REQUIRED ACTION
Write out only the lines from the line that holds "Imagem: Casa triplex" to the end of the listing below, inclusive, with the pictures omitted.

DATASET CONTENT

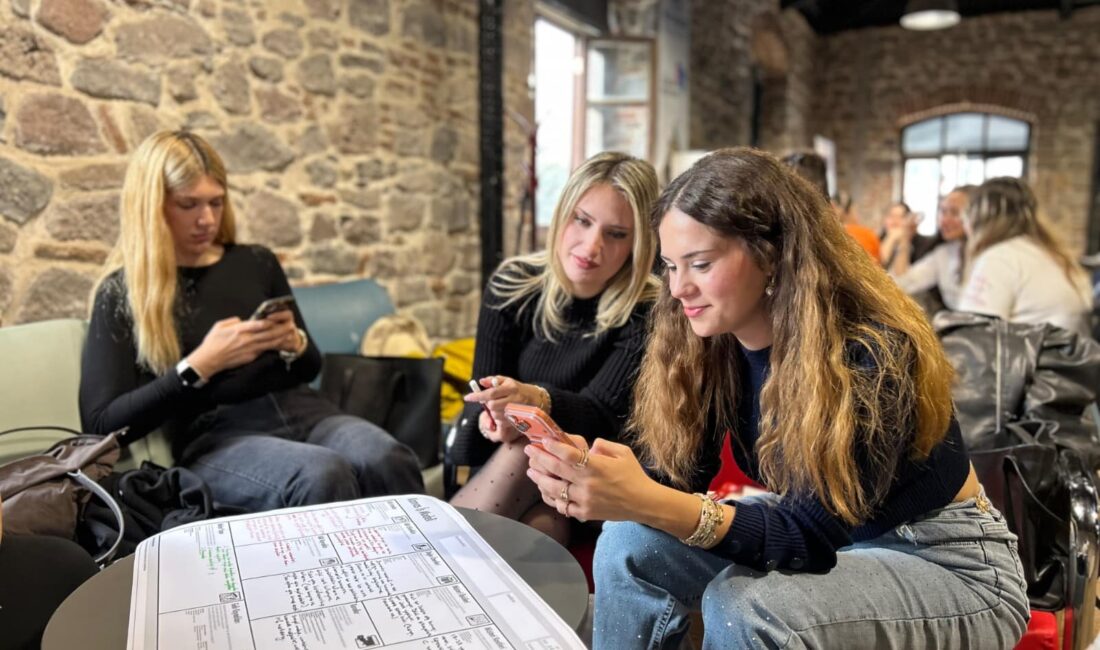 İzmirli kadınlar, dijital gençlik merkezi’nde verilen eğitimlerle dijital pazarlama, e-ticaret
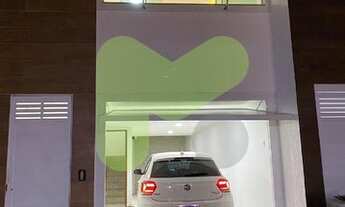 Imagem: Casa triplex em condomínio a venda, 2 quartos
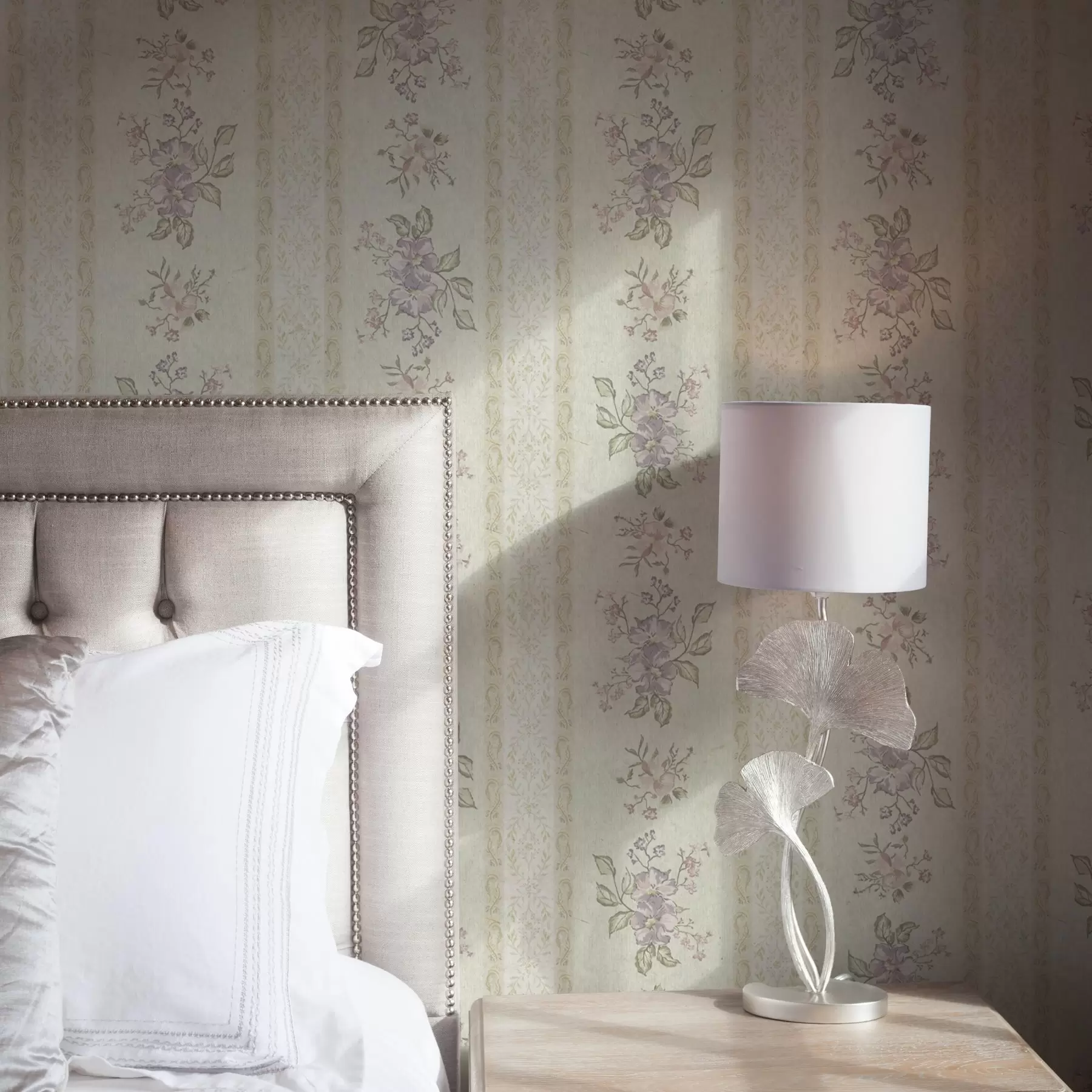 murales de pared Flores vintage sobre fondo a rayas con adorno a00440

ANSWER SPACE
 Imagem: Casa triplex em condomínio a venda, 2 quartos
 murales de pared Flores vintage sobre fondo a rayas con adorno a00440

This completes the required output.